Taliban extend hold, advance near Pakistan capital
By ZARAR KHAN
ISLAMABAD – Taliban militants have extended their grip in northwestern Pakistan, pushing out from a valley where the government has agreed to impose Islamic law and patrolling villages as close as 60 miles from the capital. Police and officials appear to have fled as armed militants also broadcast radio sermons and spread fear in Buner district, just 60 miles from Islamabad, officials and witnesses said Wednesday.
Pakistan's president signed off on the peace pact last week in hopes of calming Swat, where some two years of clashes between the Taliban and security forces have killed hundreds and displaced up to a third of the one-time tourist haven's 1.5 million residents.
Critics, including in Washington, have warned that the valley could become an officially sanctioned base for allies of al-Qaida — and that it may be just the first domino in nuclear-armed Pakistan to fall to the Taliban.
"The activities in the Swat do concern us. We're keeping an eye on it, and are working daily with the Pakistan military," Maj. Gen. Michael S. Tucker told Pentagon reporters in a 35-minute videoconference call from Afghanistan.
Supporters of the deal say it will allow the government to gradually reassert control by taking away the militants' rallying cry for Islamic law. Many residents are grateful that a semblance of peace has returned. A handful of officials are back in Swat.

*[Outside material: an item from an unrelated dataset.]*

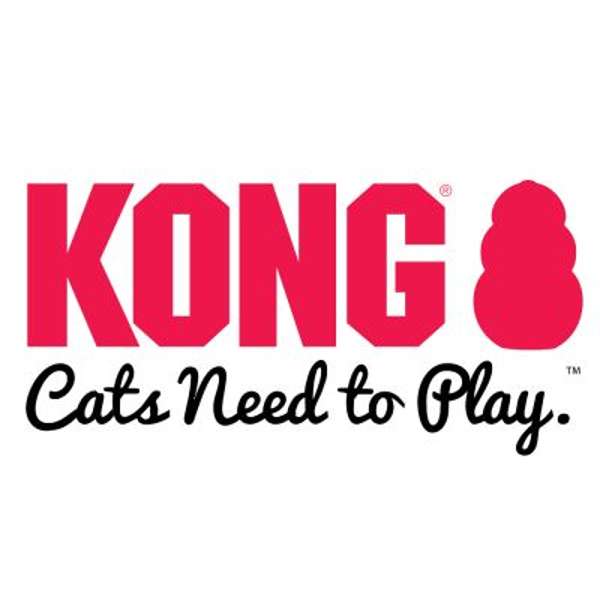 KONG Cat Cork Ball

The agreement covers Swat and other districts in the Malakand Division, an area of about 10,000 square miles near the Afghan border and the tribal areas where al-Qaida and the Taliban have strongholds.
The provincial government agreed to impose Islamic law in Malakand, and the Taliban agreed to a cease-fire that has largely held.
In recent days, the Swat militants have set their sights on Buner, a district just south of the valley, sparking at least one major clash with residents. The moves indicate the militants want to expand their presence beyond Swat to other parts of Malakand at the very least, under the guise of enforcing Islamic law.
Many in Buner are now too frightened to speak to reporters. However, a lawmaker from the area told The Associated Press that the militants had entered the district in "large numbers" and started setting up checkpoints at main roads and strategic positions.
"Local elders and clerics are negotiating with them to resolve this issue through talks," Istiqbal Khan said.
The militants in Buner also are using radio airwaves to broadcast sermons about Islam, and have occupied the homes of some prominent landowners, said a police official who insisted on anonymity because he was afraid of retaliation. He said the militants have also warned barbers to stop shaving men's beards and stores to stop selling music and movies.
The militants have established a major base in the village of Sultanwas and have set up positions in the nearby hills, the police official said. Militants also have taken over the shrine of a famed Sufi saint known as Pir Baba, he said.
The Taliban move into Buner left the Swat deal hanging from a thread, said Rasul Bakhsh Rais, professor of political science at Lahore University of Management Sciences.
"If the Taliban continue to expand in different directions and establish fiefdoms as they did in Swat, then probably the deal is not going to work and the government will be forced to scuttle that deal and go back to operations" by security forces, Rais said.